On sait que les compositeurs de l'école de Mannheim (essentiellement
Johann Anton Stamitz et son fils Carl) n'eurent qu'une influence
indirecte et secondaire sur les Viennois et entretinrent des rapports
plus féconds avec les musiciens parisiens. On rappellera aussi que les
premières symphonies de Mozart, considérées comme des œuvres de
divertissement, étaient destinées à être exécutées une seule fois.
La Symphonie «Jupiter» fut achevée le 10 août 1788.
Elle clôt avec brio la trilogie finale des symphonies de Mozart, mise
au point en huit semaines au cours de ce même été, sans qu'on sache
avec précision quand ces trois partitions furent jouées pour la première
fois (au Gewandhaus de Leipzig en 1789 ? à Vienne un peu plus tard ?).
Elle ne fait aucunement référence aux dieux de l'Olympe (aucun
programme, aucun argument littéraire ne vient accompagner la partition)
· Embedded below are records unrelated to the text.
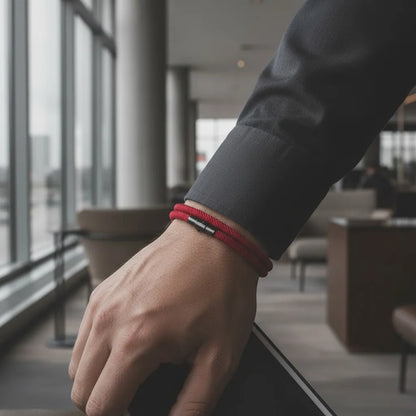 Homem com camisa social usando pulseira masculina de corda vinho em ambiente corporativo.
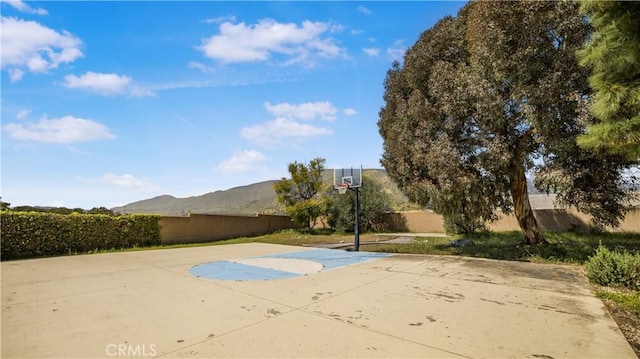 view of sport court featuring basketball hoop, fence, and a mountain view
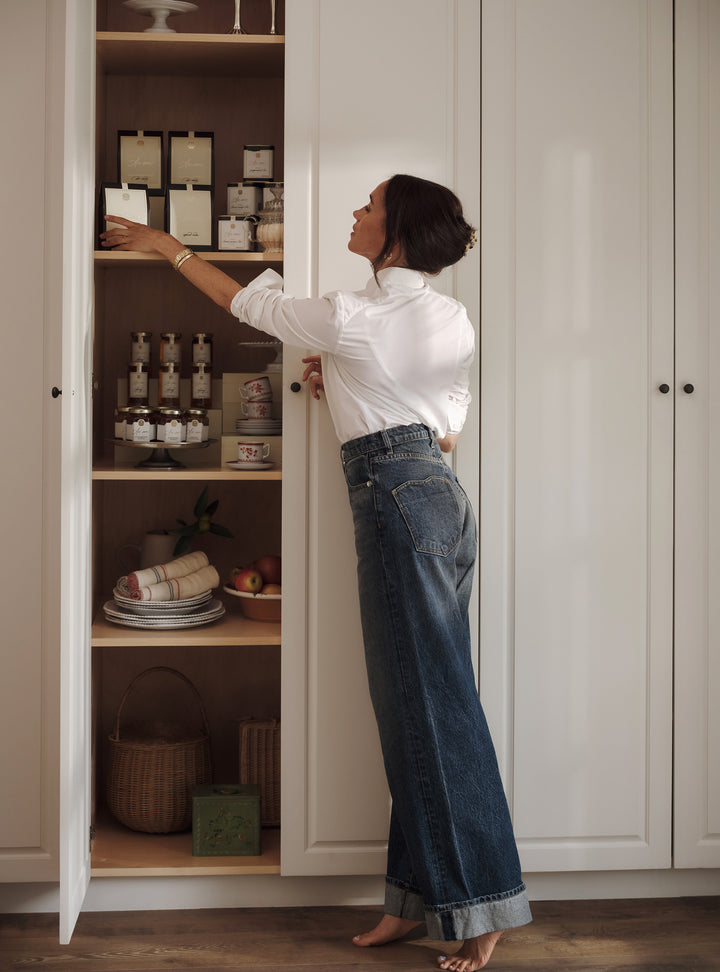 Woman reaching into a cabinet filled with kitchen items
mais fut ainsi baptisée par le violoniste et organisateur londonien de
concerts Johann Peter Salomon au début du XIXe siècle.
De Jupiter à Prométhée
Il est vrai que cette symphonie convient parfaitement à tous ceux qui,
rétrospectivement, ont vu dans le Mozart des dernières années un génie
visionnaire annonçant le grand Beethoven : «De Jupiter à Prométhée,
il n'y a qu'un pas», écrit François Dupray. Héros malgré lui,
Mozart est aux prises, à cette époque, à des difficultés
croissantes, à des «idées noires», à des difficultés financières
qui le poussent à emprunter de l'argent à son frère de loge Puchberg.
Sa fille Theresia meurt, âgée de moins d'un an, le 29 juin : les années
sombres commencent.
Ainsi donc, «la force succède au charme» (François Dupray). La Symphonie
«Jupiter», largement développée et d'un magistral équilibre par
ses proportions, est aussi une œuvre de victoire par ses accents héroïques.
Elle oppose volontiers les vents aux cordes mais, contrairement à la Trente-neuvième,
qu'on appelle parfois pour cette raison «Symphonie maçonnique»,
n'utilise pas la clarinette (la partie de clarinette de la Quarantième
fut quant à elle ajoutée après coup).
Elle se compose de trois mouvements d'une durée à peu près égale, et
d'un menuetto nettement plus bref. La vigueur du premier mouvement
contraste vivement avec l'intimité du mouvement lent qui impose les
sourdines aux instruments à cordes, qu'il fait dialoguer avec les bois
dans une atmosphère d'une tendresse extrême. Le menuet qui suit, plein
d'allant, fait figure d'intermède avant le superbe finale, mouvement de
forme sonate traité en fugato qui s'achève dans l'éclat.